Personal information
- Born: August 4, 1937 (age 89) Jersey City, New Jersey, U.S.
- Listed height: 6 ft 1 in (1.85 m)
- Listed weight: 250 lb (113 kg)

Career information
- High school: Union City (NJ) St. Michael's
- College: Clemson
- NFL draft: 1960 (1st round, 12th overall pick)
- AFL draft: 1960

Career history
- New York Giants (1960); San Francisco 49ers (1961); Los Angeles Rams (1962); Pittsburgh Steelers (1962–1963); Rhode Island Indians (1965); New Orleans Saints (1967–1968);

Awards and highlights
- Third-team All-American (1959); First-team All-ACC (1959);

Career NFL statistics
- Fumble recoveries: 3
- Interceptions: 1
- Sacks: 9
- Stats at Pro Football Reference

= Lou Cordileone =

American football player (born 1937)

Louis Anthony Cordileone (born August 4, 1937) is an American former professional football player who was an offensive lineman, primarily guard, who in nine years played six seasons in the National Football League (NFL), for five different teams. He played college football for the Clemson Tigers and was selected in the first round (twelfth overall) of the 1960 NFL draft.
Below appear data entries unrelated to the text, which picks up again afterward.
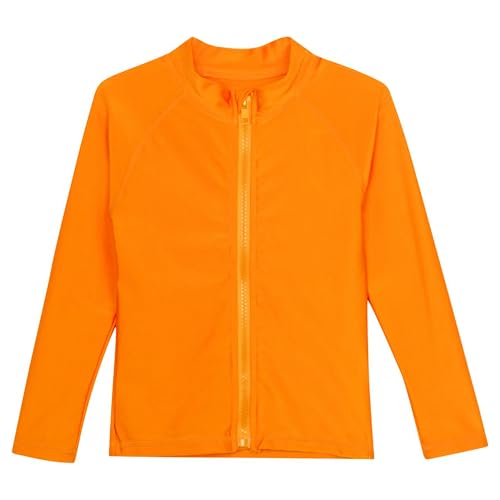 Image of SwimZip UPF 50+ Long Sleeve Rash Guard for Boys' and Girls' - Baby, Toddler, Kids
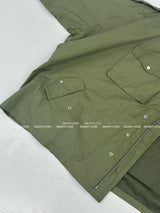 [UNISEX] Overfit string bomber jacket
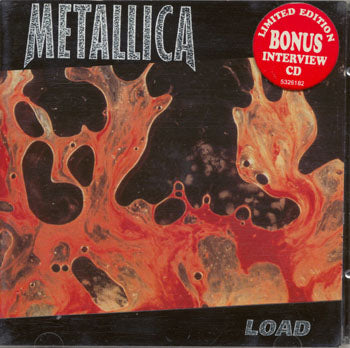 Metallica - Load (w/ Interview Disc) (CD)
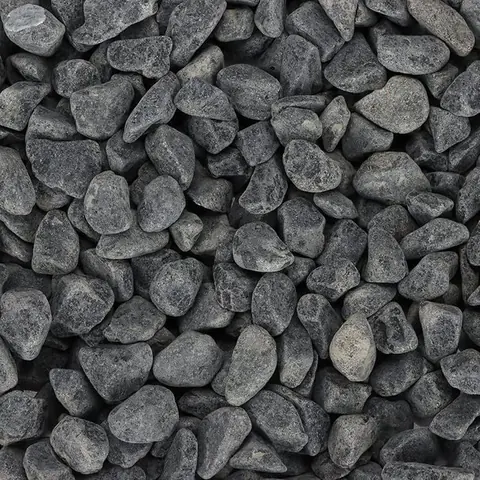 Gravier Gris Naturel 3.6kg 0.5-1.3cm - Assortiment de Cailloux pour Vase et Aménagement Paysager GALET DECO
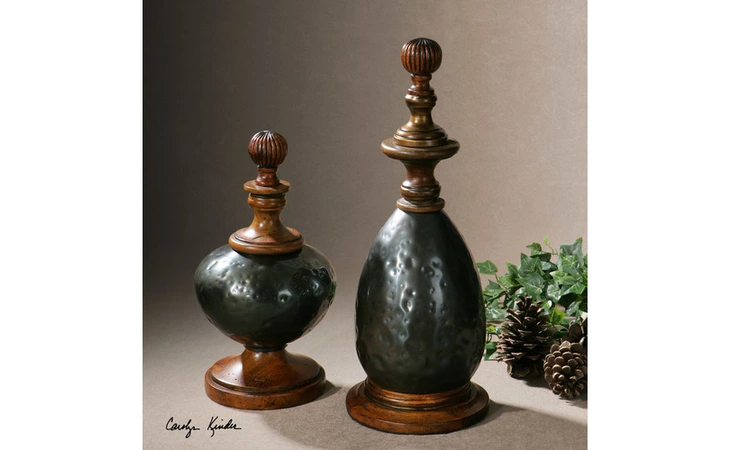 19860 JAVINI, FINIALS, S 2 UTTERMOST  19860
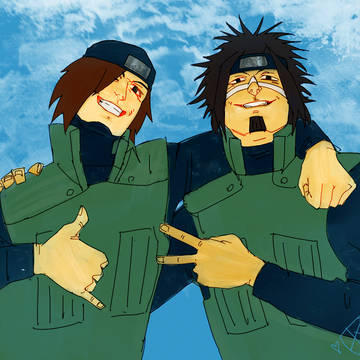izuna & kotetsu
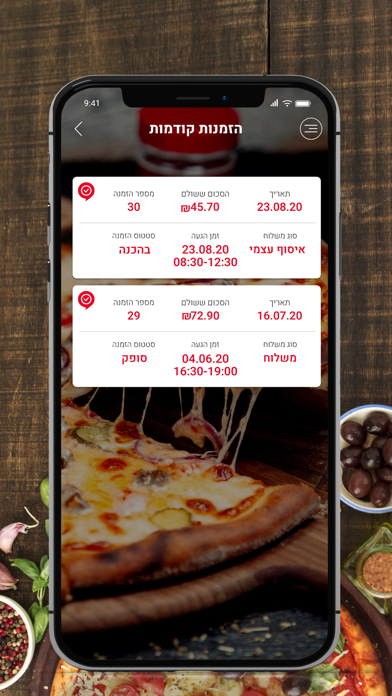 Pizza Shop Screenshot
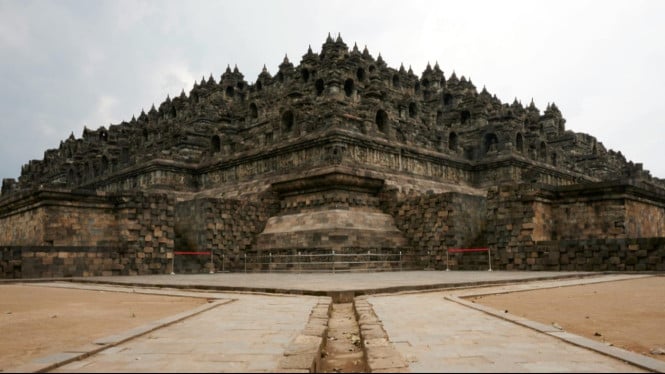 Candi Borobudur sebagai warisan budaya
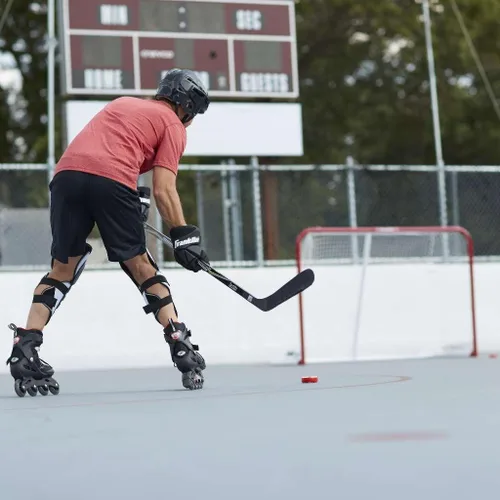 Miniatura 2 de Franklin Sports NHL Street Hockey Goals - Outdoor Steel Street + Roller Hockey Nets - 72" x 48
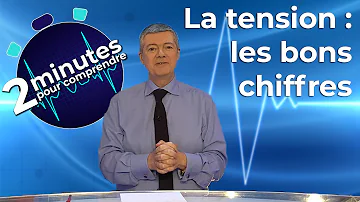 Comment interpréter les 2 chiffres de la tension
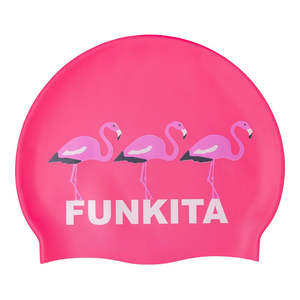 Funkita: Funkita Silicone Swim Cap - Flaming Go Gos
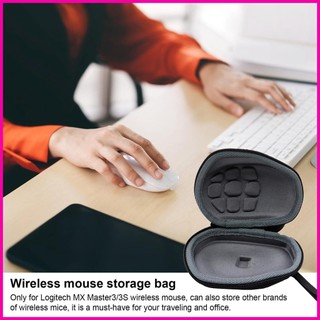 Túi Đựng Chuột không dây logitech mx master3 / 3s Bằng eva Cứng Chống Thấm Nước Chống Bụi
Cordileone is best known for being traded in 1961 from the New York Giants to the San Francisco 49ers for quarterback Y. A. Tittle. At the time, Tittle was 34 years old and a 4-time Pro Bowler. Cordileone was quoted as reacting "Me, even up for Y. A. Tittle? You're kidding", and later remarked that the Giants traded him for "a 42-year-old quarterback".

His stay in San Francisco was short-lived, as he went to the Rams in 1962, where he played only 2 games, before moving to Pittsburgh, playing 26 games until the end of the 1963 season. After a 3-year hiatus, he joined the expansion team New Orleans Saints for their first two seasons, 1967 and 1968, as offensive guard and defensive tackle. In his last season, he fumbled once, and returned an interception for 7 yards, after having recovered three fumbles in his first two pro seasons.

In 2013 Cordileone starred in the TV Land reality show Forever Young.